Start of GIVEN ENTRIES
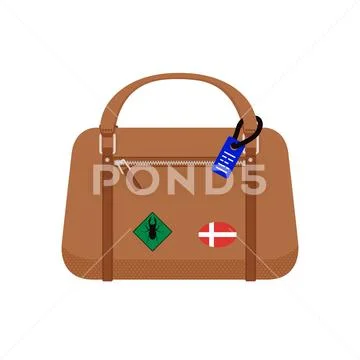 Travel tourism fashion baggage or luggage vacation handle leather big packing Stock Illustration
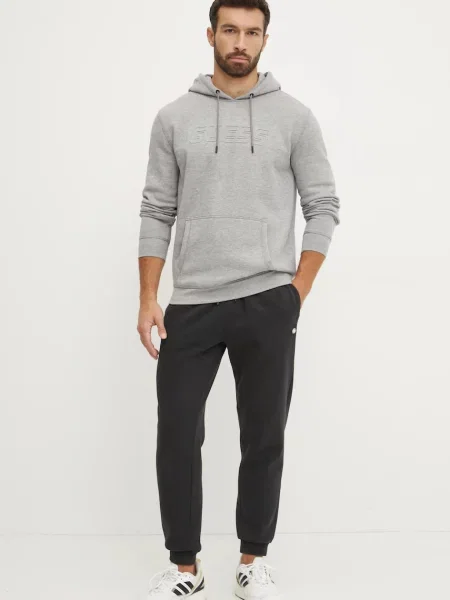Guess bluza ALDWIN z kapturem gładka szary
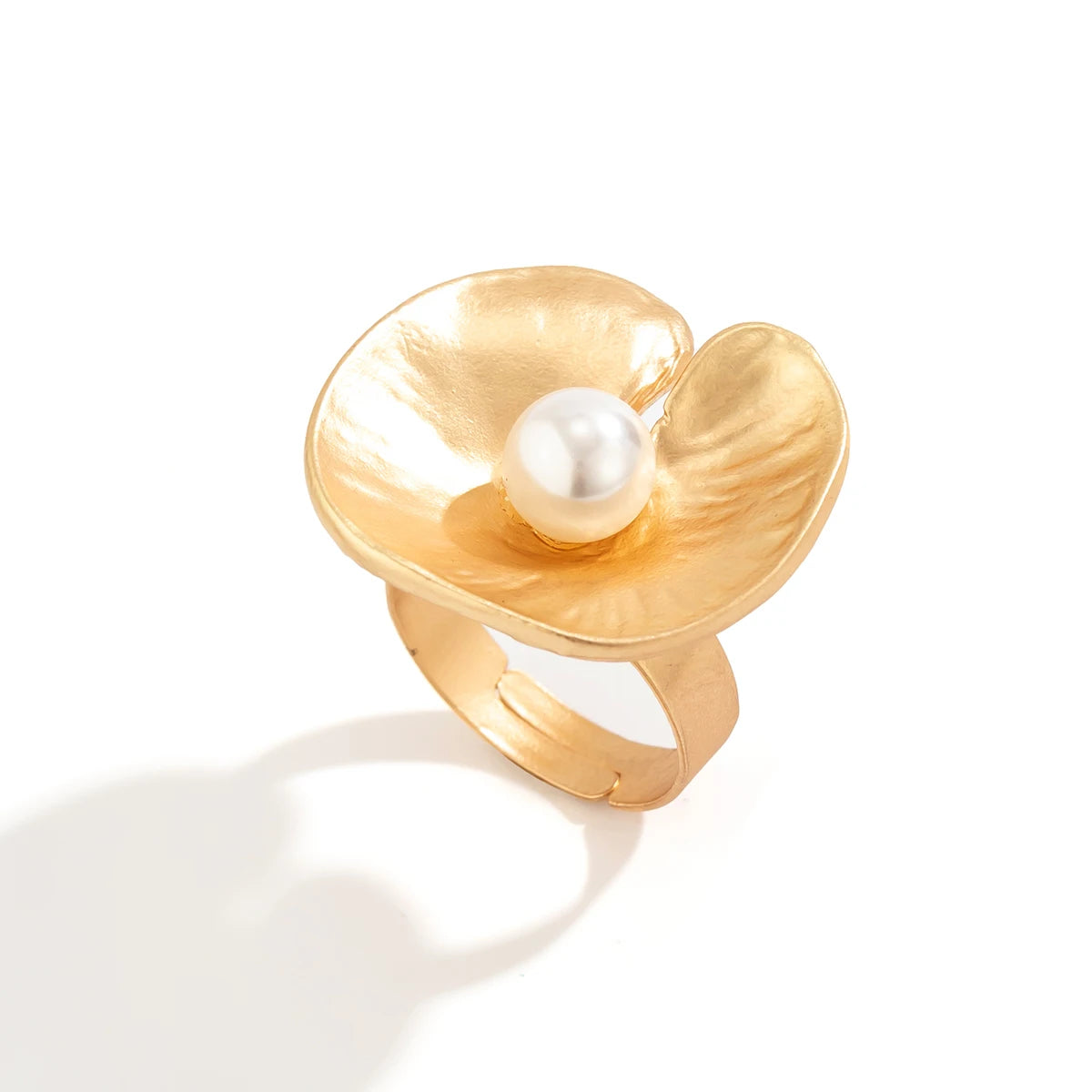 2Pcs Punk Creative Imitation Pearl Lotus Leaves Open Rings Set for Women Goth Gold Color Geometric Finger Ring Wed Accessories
End of GIVEN ENTRIES
Start of GIVEN ENTRIES
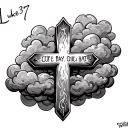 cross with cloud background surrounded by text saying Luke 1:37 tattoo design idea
End of GIVEN ENTRIES
ABOUT THIS TASK: Among the records above, locate the line containing "Travel tourism fashion" and the line containing "2Pcs Punk Creative", then transcribe exactly the lines starting at the first and ending at the second, with no pictures.

WRITTEN ANSWER:
 Travel tourism fashion baggage or luggage vacation handle leather big packing Stock Illustration
Guess bluza ALDWIN z kapturem gładka szary
 2Pcs Punk Creative Imitation Pearl Lotus Leaves Open Rings Set for Women Goth Gold Color Geometric Finger Ring Wed Accessories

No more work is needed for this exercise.